Hoy comentamos en otro artículo cómo se viajaba en diligencia durante el siglo XIX, pero aquí queremos referirnos a los peligros a los que se enfrentaban los viajeros y a un suceso que ocasionó las primeras bajas de la Guardia Civil, en el cumplimiento de una misión humanitaria.
No era el
menor, los posibles asaltos perpetrados por bandoleros que acechaban el paso de
los carruajes. No se piense que era algo que podía ocurrir en tierras lejanas.
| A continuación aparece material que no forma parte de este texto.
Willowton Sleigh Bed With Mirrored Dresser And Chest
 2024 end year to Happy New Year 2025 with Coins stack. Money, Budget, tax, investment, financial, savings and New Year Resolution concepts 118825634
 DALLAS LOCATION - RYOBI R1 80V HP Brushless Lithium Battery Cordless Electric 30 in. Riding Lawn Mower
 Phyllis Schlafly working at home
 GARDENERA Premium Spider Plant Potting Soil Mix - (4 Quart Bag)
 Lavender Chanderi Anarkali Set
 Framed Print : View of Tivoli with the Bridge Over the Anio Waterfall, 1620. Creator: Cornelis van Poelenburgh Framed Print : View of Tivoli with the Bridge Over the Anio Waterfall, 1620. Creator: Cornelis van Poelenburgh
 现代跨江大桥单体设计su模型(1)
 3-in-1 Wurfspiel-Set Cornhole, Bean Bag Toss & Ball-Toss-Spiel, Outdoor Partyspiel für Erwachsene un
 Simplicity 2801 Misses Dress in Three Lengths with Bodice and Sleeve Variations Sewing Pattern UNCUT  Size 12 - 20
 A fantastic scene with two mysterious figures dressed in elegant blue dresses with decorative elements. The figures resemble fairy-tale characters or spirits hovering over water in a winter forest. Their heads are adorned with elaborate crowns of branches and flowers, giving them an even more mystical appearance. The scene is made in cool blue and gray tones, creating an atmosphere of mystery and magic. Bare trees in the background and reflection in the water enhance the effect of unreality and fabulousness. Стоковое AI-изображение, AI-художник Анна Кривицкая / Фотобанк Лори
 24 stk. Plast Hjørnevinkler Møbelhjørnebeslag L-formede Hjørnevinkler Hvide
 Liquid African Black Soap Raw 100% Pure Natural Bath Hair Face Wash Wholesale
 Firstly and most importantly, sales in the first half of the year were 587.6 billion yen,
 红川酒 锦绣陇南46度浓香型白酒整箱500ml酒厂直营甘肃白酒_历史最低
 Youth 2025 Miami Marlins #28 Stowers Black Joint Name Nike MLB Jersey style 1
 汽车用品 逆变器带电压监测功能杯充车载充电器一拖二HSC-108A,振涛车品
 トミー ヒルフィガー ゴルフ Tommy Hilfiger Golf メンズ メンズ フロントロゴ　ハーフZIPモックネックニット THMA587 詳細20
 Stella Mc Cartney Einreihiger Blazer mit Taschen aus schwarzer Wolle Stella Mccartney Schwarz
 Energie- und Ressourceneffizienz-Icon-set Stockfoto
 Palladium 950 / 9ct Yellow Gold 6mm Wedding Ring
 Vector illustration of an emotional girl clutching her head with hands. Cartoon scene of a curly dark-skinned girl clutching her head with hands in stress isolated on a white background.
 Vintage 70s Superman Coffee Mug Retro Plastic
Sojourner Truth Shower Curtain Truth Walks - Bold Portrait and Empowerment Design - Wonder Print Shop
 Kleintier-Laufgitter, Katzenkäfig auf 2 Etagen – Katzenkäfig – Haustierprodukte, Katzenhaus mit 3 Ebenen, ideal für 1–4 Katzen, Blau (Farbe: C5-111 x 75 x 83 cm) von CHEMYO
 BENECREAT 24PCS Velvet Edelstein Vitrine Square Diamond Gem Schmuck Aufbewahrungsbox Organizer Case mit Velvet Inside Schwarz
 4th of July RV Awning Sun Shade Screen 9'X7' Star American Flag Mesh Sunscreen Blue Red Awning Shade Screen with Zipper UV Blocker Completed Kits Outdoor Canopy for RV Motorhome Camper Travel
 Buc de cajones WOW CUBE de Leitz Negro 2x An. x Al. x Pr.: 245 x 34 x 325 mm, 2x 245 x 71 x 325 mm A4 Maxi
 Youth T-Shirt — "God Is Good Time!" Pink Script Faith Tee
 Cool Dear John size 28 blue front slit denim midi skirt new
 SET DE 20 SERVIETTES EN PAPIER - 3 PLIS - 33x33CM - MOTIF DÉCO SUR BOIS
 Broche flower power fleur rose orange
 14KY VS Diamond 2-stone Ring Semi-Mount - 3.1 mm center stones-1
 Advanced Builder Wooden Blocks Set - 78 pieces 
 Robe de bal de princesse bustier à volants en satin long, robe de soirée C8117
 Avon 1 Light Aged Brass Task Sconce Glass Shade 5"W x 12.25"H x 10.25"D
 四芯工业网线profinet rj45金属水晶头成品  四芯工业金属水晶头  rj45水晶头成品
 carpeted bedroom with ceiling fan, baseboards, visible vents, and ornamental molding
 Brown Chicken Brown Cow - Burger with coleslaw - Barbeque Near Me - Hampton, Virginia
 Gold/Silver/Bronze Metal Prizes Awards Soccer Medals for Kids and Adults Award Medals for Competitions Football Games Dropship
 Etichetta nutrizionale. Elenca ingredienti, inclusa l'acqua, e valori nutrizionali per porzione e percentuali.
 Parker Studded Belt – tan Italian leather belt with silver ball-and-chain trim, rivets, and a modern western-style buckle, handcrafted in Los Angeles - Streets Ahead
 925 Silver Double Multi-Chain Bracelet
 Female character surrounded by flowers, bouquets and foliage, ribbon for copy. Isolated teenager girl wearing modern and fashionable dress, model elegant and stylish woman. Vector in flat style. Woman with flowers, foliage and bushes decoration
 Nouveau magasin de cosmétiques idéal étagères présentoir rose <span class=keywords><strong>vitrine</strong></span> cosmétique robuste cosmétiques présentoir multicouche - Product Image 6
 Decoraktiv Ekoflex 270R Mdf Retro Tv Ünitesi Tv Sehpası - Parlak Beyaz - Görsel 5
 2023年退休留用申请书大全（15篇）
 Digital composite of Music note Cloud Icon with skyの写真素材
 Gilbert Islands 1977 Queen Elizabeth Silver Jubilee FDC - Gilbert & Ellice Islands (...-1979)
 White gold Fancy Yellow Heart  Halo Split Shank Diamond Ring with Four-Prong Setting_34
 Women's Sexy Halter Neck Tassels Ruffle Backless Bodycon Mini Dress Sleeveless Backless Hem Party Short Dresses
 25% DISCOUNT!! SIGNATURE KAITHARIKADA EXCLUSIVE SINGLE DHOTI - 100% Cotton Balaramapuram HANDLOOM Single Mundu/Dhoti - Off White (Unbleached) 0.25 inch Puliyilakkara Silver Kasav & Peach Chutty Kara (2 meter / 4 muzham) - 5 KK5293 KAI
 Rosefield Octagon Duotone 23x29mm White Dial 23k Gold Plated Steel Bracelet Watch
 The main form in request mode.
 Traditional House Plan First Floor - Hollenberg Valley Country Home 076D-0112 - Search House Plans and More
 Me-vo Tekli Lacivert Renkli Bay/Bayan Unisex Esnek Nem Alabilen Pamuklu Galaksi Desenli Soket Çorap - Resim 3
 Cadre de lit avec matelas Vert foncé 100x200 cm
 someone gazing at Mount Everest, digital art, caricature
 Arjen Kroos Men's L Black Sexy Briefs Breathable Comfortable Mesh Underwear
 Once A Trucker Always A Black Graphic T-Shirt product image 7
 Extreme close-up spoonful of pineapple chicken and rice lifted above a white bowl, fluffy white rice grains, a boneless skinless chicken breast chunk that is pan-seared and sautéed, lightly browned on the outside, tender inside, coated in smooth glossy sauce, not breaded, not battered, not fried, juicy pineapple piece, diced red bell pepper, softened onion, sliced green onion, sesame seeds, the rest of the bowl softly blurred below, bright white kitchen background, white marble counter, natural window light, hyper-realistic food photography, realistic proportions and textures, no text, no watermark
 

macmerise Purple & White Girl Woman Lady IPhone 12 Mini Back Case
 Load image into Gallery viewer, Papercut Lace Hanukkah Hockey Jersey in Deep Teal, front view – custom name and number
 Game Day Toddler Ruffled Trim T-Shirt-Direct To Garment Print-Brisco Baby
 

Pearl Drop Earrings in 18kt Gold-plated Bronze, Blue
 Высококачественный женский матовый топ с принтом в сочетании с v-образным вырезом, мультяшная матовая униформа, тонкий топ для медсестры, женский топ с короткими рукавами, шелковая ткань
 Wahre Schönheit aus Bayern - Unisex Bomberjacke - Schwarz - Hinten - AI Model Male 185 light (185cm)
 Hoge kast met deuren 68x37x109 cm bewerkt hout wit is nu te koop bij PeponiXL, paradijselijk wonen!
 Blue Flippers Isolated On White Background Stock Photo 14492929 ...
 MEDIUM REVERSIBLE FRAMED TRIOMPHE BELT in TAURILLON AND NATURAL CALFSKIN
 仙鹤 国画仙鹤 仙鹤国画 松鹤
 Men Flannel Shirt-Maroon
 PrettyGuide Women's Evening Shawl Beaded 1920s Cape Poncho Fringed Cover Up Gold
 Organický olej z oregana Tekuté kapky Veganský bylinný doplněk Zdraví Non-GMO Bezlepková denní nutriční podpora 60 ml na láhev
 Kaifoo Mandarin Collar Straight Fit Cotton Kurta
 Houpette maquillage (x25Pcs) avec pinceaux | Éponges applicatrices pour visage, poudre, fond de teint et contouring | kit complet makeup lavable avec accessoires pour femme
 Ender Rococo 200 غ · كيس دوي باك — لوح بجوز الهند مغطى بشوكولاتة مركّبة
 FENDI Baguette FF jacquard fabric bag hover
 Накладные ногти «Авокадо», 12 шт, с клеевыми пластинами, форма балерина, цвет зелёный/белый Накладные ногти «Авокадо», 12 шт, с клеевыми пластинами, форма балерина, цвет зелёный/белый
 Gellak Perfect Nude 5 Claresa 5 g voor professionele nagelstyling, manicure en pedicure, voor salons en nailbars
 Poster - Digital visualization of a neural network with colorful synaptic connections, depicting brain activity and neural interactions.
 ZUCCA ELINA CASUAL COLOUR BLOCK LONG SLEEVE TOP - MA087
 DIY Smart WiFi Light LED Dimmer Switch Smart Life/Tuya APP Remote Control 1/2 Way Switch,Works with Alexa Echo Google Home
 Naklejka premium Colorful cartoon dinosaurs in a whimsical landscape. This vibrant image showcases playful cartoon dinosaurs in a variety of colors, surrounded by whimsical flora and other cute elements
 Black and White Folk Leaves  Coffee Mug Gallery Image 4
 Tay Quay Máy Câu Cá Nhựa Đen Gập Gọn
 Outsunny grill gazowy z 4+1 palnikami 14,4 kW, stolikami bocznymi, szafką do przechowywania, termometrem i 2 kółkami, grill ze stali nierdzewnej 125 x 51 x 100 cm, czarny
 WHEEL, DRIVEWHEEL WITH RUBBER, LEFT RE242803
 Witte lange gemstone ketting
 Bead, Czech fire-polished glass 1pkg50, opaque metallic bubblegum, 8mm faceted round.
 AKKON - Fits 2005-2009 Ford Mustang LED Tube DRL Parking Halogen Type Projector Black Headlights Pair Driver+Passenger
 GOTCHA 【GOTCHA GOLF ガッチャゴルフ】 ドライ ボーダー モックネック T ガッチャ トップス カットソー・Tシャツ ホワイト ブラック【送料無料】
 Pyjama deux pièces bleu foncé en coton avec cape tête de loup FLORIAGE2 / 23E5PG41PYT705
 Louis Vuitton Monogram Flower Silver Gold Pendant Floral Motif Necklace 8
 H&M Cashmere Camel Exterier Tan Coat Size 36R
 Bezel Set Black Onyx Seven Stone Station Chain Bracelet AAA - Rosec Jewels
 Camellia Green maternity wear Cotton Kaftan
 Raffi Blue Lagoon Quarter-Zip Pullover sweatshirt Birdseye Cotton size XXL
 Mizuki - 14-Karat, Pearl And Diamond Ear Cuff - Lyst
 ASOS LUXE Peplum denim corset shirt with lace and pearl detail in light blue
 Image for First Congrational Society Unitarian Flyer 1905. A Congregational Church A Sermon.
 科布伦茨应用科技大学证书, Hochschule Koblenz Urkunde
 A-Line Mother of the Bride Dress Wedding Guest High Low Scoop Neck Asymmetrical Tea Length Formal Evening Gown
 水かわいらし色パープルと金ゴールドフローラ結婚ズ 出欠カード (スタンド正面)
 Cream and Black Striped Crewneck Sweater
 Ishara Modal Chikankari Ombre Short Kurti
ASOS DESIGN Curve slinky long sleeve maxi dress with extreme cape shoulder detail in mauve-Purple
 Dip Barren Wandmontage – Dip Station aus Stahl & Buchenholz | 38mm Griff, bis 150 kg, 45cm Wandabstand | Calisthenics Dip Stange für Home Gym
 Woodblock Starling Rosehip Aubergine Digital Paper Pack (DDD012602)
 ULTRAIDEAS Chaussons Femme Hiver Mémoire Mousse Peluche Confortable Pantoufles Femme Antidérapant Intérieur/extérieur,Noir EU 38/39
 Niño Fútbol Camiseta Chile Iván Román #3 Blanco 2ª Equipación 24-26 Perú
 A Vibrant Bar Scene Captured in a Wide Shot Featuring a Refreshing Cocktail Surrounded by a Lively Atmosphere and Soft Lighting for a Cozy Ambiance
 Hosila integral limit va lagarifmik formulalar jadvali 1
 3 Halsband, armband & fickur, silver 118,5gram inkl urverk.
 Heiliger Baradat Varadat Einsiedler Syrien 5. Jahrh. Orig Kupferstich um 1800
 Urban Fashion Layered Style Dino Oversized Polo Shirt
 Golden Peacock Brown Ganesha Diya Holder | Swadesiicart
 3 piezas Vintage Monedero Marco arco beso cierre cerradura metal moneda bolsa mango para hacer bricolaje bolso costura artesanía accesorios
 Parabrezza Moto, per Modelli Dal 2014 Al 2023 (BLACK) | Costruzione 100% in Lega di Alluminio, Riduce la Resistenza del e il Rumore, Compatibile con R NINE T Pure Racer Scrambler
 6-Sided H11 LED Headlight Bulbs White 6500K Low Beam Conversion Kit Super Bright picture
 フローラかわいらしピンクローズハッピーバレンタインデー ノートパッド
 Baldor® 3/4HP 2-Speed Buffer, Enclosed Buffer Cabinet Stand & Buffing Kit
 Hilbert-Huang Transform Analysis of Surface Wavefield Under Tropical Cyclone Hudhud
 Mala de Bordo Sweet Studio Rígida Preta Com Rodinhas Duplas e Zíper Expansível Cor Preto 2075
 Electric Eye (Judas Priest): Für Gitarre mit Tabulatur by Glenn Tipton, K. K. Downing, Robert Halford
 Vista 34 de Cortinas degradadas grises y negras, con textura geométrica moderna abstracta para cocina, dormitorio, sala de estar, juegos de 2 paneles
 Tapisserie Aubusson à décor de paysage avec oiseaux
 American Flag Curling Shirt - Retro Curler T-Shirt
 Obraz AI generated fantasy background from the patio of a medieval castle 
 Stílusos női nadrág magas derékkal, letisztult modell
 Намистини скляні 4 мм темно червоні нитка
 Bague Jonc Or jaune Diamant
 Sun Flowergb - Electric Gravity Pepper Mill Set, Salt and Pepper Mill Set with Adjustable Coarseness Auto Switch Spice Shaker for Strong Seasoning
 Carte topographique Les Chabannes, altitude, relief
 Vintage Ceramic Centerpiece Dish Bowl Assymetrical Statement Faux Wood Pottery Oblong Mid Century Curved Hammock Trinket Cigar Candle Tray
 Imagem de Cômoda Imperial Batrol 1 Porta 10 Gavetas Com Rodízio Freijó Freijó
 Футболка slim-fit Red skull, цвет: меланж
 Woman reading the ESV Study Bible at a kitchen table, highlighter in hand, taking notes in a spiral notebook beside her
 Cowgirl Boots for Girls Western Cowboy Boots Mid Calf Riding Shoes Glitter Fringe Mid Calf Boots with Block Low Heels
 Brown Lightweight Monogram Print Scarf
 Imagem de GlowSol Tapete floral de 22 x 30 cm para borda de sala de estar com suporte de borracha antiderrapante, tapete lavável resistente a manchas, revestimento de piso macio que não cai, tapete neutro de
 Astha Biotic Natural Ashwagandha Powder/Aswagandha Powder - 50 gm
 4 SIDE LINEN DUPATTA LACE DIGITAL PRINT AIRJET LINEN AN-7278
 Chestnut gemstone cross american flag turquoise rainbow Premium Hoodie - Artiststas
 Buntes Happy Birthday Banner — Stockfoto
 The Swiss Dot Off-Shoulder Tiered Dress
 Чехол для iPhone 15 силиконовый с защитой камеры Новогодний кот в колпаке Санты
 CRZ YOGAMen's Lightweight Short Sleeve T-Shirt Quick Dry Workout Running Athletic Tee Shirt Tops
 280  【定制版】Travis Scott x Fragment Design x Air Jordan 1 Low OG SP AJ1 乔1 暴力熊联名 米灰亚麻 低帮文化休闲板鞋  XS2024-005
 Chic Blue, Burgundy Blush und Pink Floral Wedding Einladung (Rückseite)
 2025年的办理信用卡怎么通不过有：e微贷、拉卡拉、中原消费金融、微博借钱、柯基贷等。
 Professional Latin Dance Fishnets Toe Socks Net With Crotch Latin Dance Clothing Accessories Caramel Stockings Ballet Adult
Aquí está documentada la presencia de bandoleros en Siete Cabezos, junto a
Magallón y el puente de Vulcafrailes se produjeron algunos asaltos a cargo de
unos de Mallén que se cubrían con una capucha con orificios para ver.
Fue un tema que
inspiró a muchos artistas, incluso a Goya, al que pertenece la segunda imagen
y, también, quedó reflejado en la Literatura, donde el bandolero aparece con
cierta frecuencia rodeado de un halo romántico.
Pero, más
frecuentes eran los accidentes provocados por el mal estado de los caminos o
por circunstancias sobrevenidas, como las riadas inesperadas que sorprendían a
las diligencias en su recorrido. Precisamente, en el transcurso de un gran
temporal es donde acaeció el suceso que protagonizaron dos heroicos Guardias
Civiles.
El Instituto de
la Guardia Civil había sido creado por el duque de Ahumada el 28 de marzo de
1844, con la misión fundamental de garantizar la seguridad de los caminos. Pero
su misión era más amplia. El artículo 35 de su Cartilla señalaba que “En las
avenidas de los ríos, huracanes, temblores de tierra o cualesquiera otra
calamidad, prestará cuantos auxilios estén a su alcance, a los que se vieren
envueltos en estos males”.
Habían
transcurrido sólo seis años desde la fundación del Cuerpo cuando, el 13 de
septiembre de 1850, partió de Barcelona, con destino a Valencia, una diligencia
de la compañía de “Diligencias y Postas Generales”.
En la noche del
14 de septiembre, en las inmediaciones del puerto de Oropesa, ese carruaje
embarrancó en un arroyo que venía crecido, con grave riesgo de perderse. El
cabo con dos guardias del puesto de esa localidad logró llegar hasta la
diligencia, rescatando a los pasajeros, con agua casi hasta el cuello y,
posteriormente, con la ayuda de otros vecinos que, con sus caballerías
colaboraron en la tarea, pudieron sacar la diligencia.
Pero, tras
reanudar su marcha, en medio del temporal, al atravesar un precipicio, el
camino cedió y la diligencia se despeñó por el barranco de Bellver, por el que
las aguas embravecidas llegaban hasta el mar.
Hasta allí
llegaron otros dos guardias, Pedro Ortega y Antonio Jimeno, que prestaban
servicio en medio del temporal. Intentaron rescatar a las víctimas, dejando su
armamento, zapatos y correaje en el pretil, antes de bajas al barranco.
Al amanecer,
encontraron los cuerpos de los dos guardias, así como los cadáveres de los diez
pasajeros y los del mayoral, el zagal y el postillón, que arrojó el mar.
El suceso tuvo
una gran repercusión y, en el lugar del accidente, fue levantado un monolito en
homenaje a los heroicos Guardias Civiles, a los que, todavía se les sigue
recordando. Por éste y otros hechos similares, el rey Alfonso XIII, por un Real
Decreto de 4 de octubre de 1929, concedió el título de “Benemerito” y la Gran
Cruz de la Orden Civil de Beneficencia al Instituto.